Les nombreux « angles morts du projet urbain et territorial », passés en revue dans un premier chapitre, incitent à agir d’urgence. Le livre s’ouvre sur un quadruple constat : celui d’un paysage urbain de nos centres et périphéries marqués par la voiture, par l’hypersécurisation, par l’imperméabilité, et par la vacance commerciale. En s’attaquant alors au fonctionnement de nos milieux habités dans leur horizontalité au niveau du sol, David Mangin et Soraya Boudjenane bousculent des idées reçues, une pensée souvent binaire, pour éclairer ces « angles morts du projet urbain » à partir d’une nouvelle approche en douze points, échafaudée à partir d’enquêtes de terrain, faites d’observations du fonctionnement formel autant qu’informel des villes, de croquis, et, partant, d’une approche itinérante de la ville.

Un « devoir d’invention » et douze « nouvelles règles du jeu »
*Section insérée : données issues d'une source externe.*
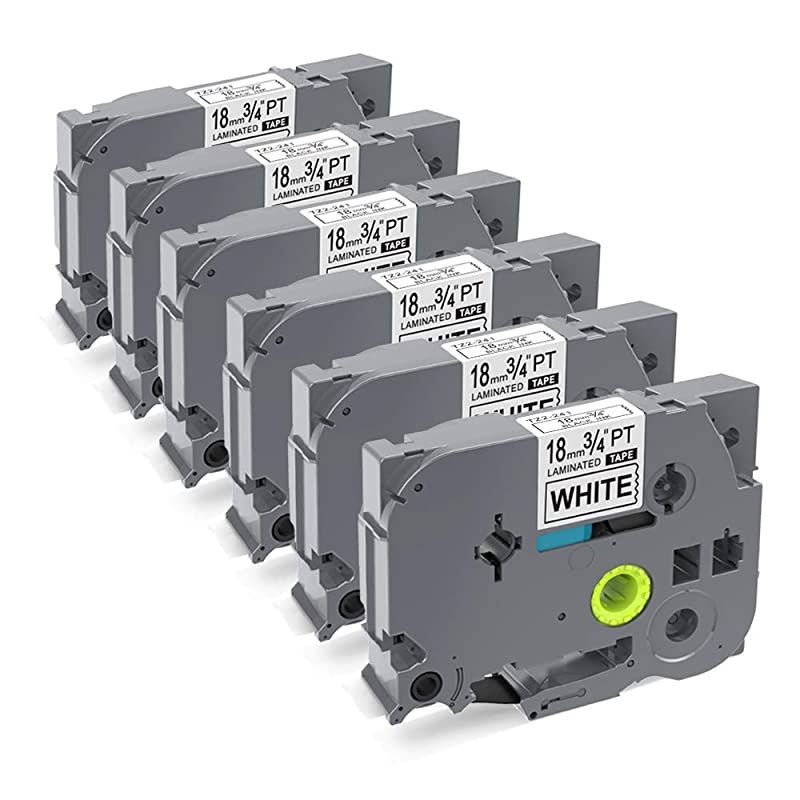 Replacement for Brother PT Label Tape TZ TZe Tape 18mm 0.7 Laminated White TZe-241 TZ-241 for Brother Pt Label Maker PTD400 PT-D400AD, 3/4 Inch x 26.2 ft, Black on White, 6 Pack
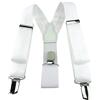 TigerTie, bretelle unisex in piqué, modello a Y, con 3 clip extra forti, regolabili da 82 a 130 cm bianco Taglia unica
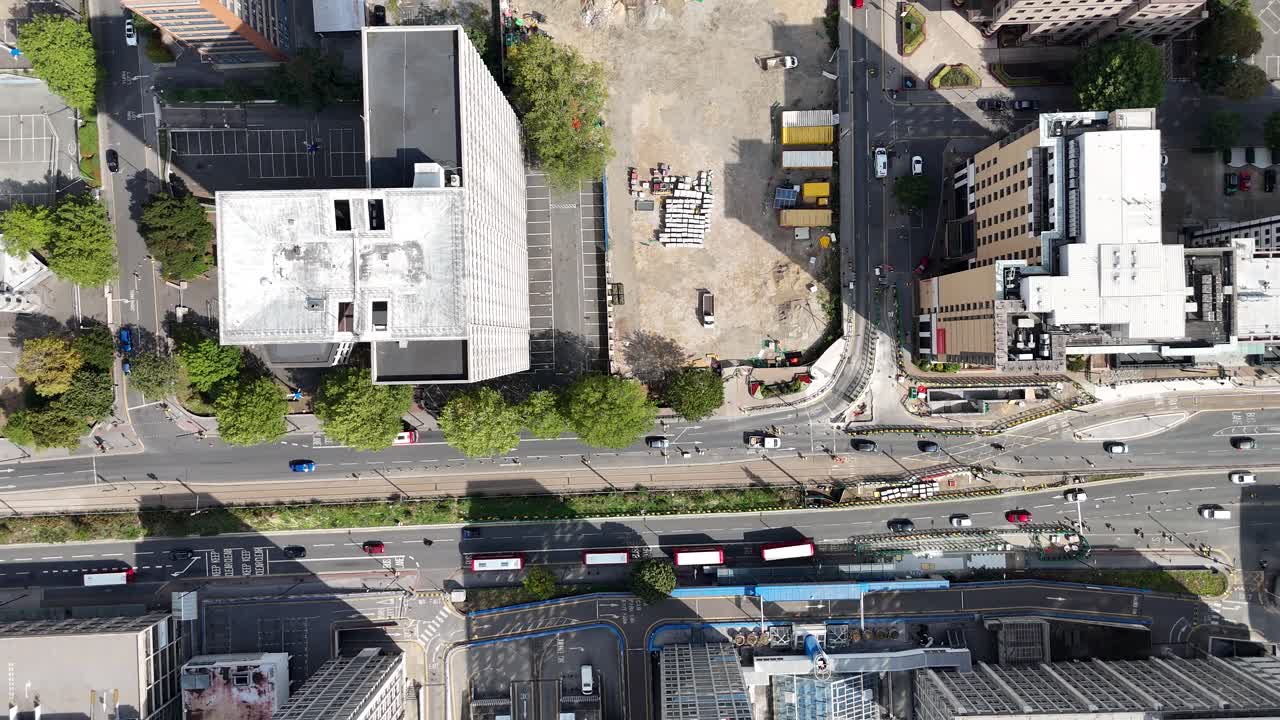 Top down drone,aerial Croydon town centre south London UK drone,aerial traffic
Le « devoir d’invention » pour un urbanisme des rez-de-ville propose de « construire des itinéraires », de « construire de catégories de rez-de-ville », et publie des « cartes et figures du rez-de-ville ». L’avant-dernier chapitre, avant celui consacré à un « droit au rez-de-ville », asse en revue « de nouvelles règles du jeu » en douze points :
1. Révéler et conforter des itinéraires
2. Distinguer les voies actives et résidentielles
3. Dimensionner les îlots
4. Conjuguer les 3P : passant, poreux, profond
5. Négocier l’interface privé/public
6. Définir les sols
7. Intégrer la logistique urbaine
8. Pour des cours et des patios
9. Habiter les pilotis
10. Construire l’architecture du rez-de-ville
11. Valoriser les rez-de-ville
12. Réguler les trois C : collectif, copropriété, commun
« Les rez-de-ville la dimension cachée du projet urbain » aborde ainsi un impensé, un sujet souvent réduit à l’occupation des rez-de-chaussée. Quand l’occupation de l’espace public rencontre la façade des voies, que se passe-t-il ? quelle vie dans ces zones de contact ? quelles porosités ? quelle profondeur ?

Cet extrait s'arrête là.